(Beginning of Available records)

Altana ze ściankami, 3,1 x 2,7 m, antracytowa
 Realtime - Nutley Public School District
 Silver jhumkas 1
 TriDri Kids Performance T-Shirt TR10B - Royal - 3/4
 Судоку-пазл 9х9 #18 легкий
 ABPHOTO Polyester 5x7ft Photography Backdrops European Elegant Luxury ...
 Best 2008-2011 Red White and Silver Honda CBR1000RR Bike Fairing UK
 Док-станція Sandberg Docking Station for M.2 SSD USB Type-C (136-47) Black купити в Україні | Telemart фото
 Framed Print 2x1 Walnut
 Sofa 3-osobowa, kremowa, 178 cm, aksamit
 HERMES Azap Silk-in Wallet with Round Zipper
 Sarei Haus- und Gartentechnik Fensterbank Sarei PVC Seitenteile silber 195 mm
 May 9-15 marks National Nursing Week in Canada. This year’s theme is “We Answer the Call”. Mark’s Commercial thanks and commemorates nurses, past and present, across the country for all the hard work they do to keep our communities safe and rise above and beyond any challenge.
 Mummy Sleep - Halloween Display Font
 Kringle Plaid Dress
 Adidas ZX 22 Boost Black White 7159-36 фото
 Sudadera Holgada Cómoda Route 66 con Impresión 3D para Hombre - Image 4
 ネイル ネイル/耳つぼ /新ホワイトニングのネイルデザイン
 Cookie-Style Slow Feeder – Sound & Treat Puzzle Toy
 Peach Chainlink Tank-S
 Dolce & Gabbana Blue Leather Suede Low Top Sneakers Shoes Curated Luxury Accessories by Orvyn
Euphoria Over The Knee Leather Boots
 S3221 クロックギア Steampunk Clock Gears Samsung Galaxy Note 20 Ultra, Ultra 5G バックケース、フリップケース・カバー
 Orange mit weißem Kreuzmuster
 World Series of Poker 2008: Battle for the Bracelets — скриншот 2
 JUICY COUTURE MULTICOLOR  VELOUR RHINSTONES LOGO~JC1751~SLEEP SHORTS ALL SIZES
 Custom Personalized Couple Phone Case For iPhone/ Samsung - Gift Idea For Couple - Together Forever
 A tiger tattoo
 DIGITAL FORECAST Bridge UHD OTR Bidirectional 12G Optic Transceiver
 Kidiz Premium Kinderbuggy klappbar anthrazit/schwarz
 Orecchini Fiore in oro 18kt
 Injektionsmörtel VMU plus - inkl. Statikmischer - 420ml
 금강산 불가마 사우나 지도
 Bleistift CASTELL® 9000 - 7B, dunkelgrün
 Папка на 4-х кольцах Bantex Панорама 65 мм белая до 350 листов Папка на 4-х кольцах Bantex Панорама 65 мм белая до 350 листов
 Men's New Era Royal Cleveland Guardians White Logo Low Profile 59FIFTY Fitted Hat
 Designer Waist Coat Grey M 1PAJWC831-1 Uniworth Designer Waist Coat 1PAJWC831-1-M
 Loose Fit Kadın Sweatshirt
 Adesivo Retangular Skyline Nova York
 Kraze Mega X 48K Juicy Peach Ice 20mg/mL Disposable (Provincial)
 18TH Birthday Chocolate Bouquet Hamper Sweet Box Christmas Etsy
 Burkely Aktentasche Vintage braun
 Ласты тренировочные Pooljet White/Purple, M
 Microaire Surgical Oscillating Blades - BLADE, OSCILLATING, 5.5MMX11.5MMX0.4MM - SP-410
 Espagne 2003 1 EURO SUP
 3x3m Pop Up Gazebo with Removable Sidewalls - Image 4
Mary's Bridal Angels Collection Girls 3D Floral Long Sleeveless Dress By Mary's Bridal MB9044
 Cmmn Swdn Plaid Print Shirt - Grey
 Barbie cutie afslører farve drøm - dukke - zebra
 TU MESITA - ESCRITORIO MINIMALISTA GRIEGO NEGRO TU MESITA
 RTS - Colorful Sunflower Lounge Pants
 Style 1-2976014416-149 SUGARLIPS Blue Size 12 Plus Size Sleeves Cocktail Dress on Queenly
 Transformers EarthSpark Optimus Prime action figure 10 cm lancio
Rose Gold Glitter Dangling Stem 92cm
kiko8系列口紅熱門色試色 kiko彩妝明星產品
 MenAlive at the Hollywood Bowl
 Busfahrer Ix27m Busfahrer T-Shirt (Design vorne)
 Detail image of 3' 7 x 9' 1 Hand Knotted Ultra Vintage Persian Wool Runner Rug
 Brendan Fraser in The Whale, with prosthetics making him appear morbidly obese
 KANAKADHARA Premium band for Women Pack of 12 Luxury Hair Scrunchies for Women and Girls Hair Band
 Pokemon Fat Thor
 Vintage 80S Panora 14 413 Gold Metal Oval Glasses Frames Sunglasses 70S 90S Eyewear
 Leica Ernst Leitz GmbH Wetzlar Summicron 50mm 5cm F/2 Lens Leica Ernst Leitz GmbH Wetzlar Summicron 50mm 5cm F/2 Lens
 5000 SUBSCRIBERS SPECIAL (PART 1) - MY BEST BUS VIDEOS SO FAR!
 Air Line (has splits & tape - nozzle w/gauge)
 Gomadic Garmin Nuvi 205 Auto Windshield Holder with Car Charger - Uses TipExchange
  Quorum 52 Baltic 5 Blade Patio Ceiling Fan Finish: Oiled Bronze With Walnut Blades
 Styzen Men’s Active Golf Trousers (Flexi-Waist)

(End of Available records)

Instructions for the task - From the entries above, write out only the lines starting at the line that holds "World Series of" and ending at the line that holds "Injektionsmörtel VMU plus", keeping both and matching them exactly.

Answer section -
 World Series of Poker 2008: Battle for the Bracelets — скриншот 2
 JUICY COUTURE MULTICOLOR  VELOUR RHINSTONES LOGO~JC1751~SLEEP SHORTS ALL SIZES
 Custom Personalized Couple Phone Case For iPhone/ Samsung - Gift Idea For Couple - Together Forever
 A tiger tattoo
 DIGITAL FORECAST Bridge UHD OTR Bidirectional 12G Optic Transceiver
 Kidiz Premium Kinderbuggy klappbar anthrazit/schwarz
 Orecchini Fiore in oro 18kt
 Injektionsmörtel VMU plus - inkl. Statikmischer - 420ml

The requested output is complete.